The project, organized by former Alderman Fred Teeboom, started fundraising in 2009 and laid down the foundation for the memorial at the end of 2011.
The memorial is a set of six granite stones, each weighing up to five tons, set in a circle upon a round, flat foundation. Each stone has the name of an extermination camp inscribed on it. There are bent brackets spouting from each stone at the top, and the stones also have etched barbed wire on them.
Teeboom, who grew up in Amsterdam during the Nazi occupation of the Netherlands, said the city was unanimous in voting to erect the park and monument in honor of Holocaust victims.
“It was the greatest evil in the history of mankind,” Teeboom said.
The six extermination camps, mentioned in the article, were Auschwitz, Majdanek, Treblinka, Sobibor, Belzec and Chelmno.
Fred Teeboom survived the Holocaust because he was hidden by a Christian family. His family was not betrayed, like the family of Anne Frank, that also hid in Amsterdam. Fred Teeboom was saved, but 100 members of his extended family died in Auschwitz.
Teeboom describes the Nashua Memorial in this video.

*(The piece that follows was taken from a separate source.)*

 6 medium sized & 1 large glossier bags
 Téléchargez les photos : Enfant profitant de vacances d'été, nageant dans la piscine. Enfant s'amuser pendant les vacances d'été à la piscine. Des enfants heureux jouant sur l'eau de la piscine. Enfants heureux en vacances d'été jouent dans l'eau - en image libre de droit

He says that 3 million Jews were killed in the six extermination camps that are represented in the theme of the Memorial.
I had never heard of Nashua, New Hampshire, before I read this news, so I looked it up on Wikipedia and found this:
Nashua is a city in Hillsborough County, New Hampshire, USA. As of the 2010 census, Nashua had a total population of 86,494, making it the second largest city in the state (and in the three northern New England states) after Manchester.